Se desconoce la secuencia patogénica que conduce en ciertas personas desde un episodio o episodios autolimitados de exposición ambiental al desarrollo de SQM. Hay varias teorías actuales. Los ecólogos clínicos y sus adeptos han publicado extensamente en el sentido de que la MCS representa una disfunción inmunológica causada por la acumulación en el cuerpo de sustancias químicas exógenas (Bell 1982; Levin y Byers 1987). Al menos un estudio controlado no confirmó anomalías inmunitarias (Simon, Daniel y Stockbridge 1993). Los factores de susceptibilidad bajo esta hipótesis pueden incluir deficiencias nutricionales (p. ej., falta de vitaminas o antioxidantes) o la presencia de infecciones subclínicas como la candidiasis. En esta teoría, la enfermedad "iniciadora" es importante debido a su contribución a la sobrecarga química de por vida.

Menos desarrolladas, pero aún muy biológicamente orientadas, son las opiniones de que la SQM representa secuelas biológicas inusuales de la lesión química. Como tal, el trastorno puede representar una nueva forma de neurotoxicidad por solventes o pesticidas, lesión de las mucosas respiratorias después de un episodio agudo de inhalación o fenómenos similares. Desde este punto de vista, la SQM se considera una vía común final de diferentes mecanismos primarios de enfermedad (Cullen 1994; Bascom 1992).

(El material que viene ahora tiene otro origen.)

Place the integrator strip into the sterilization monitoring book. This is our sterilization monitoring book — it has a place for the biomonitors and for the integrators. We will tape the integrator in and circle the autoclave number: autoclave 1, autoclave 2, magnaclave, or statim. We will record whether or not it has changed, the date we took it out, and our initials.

Una perspectiva biológica más reciente se ha centrado en la relación entre las mucosas de las vías respiratorias superiores y el sistema límbico, especialmente con respecto a la unión en la nariz (Miller 1992). Bajo esta perspectiva, los estimulantes relativamente pequeños del epitelio nasal podrían producir una respuesta límbica amplificada, lo que explica las respuestas dramáticas, y a menudo estereotipadas, a las exposiciones a dosis bajas. Esta teoría también puede explicar el papel prominente de los materiales altamente odoríferos, como los perfumes, en el desencadenamiento de respuestas en muchos pacientes.

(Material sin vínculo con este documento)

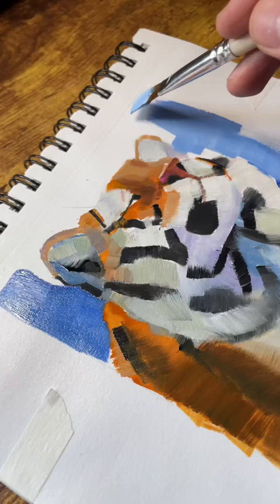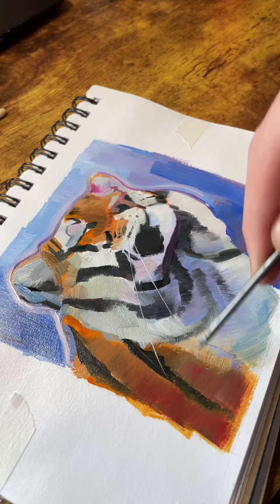It also gives me more opportunities to paint animals, which is great — I love animals. Anyway, that's it, bye now.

Sin embargo, a la inversa, muchos investigadores y médicos experimentados han invocado mecanismos psicológicos para explicar el SQM, vinculándolo con otros trastornos somatomorfos (Brodsky 1983; Black, Ruth y Goldstein 1990). Las variaciones incluyen la teoría de que la SQM es una variante del trastorno de estrés postraumático (Schottenfeld y Cullen 1985) o una respuesta condicionada a una experiencia tóxica inicial (Bolle-Wilson, Wilson y Blecker 1988). Un grupo ha planteado la hipótesis de que la MCS es una respuesta tardía a los traumas de la primera infancia, como el abuso sexual (Selner y Strudenmayer 1992). En cada una de estas teorías, la enfermedad precipitante juega un papel más simbólico que biológico en la patogenia de la SQM. Los factores del huésped se consideran muy importantes, especialmente la predisposición a somatizar el malestar psicológico.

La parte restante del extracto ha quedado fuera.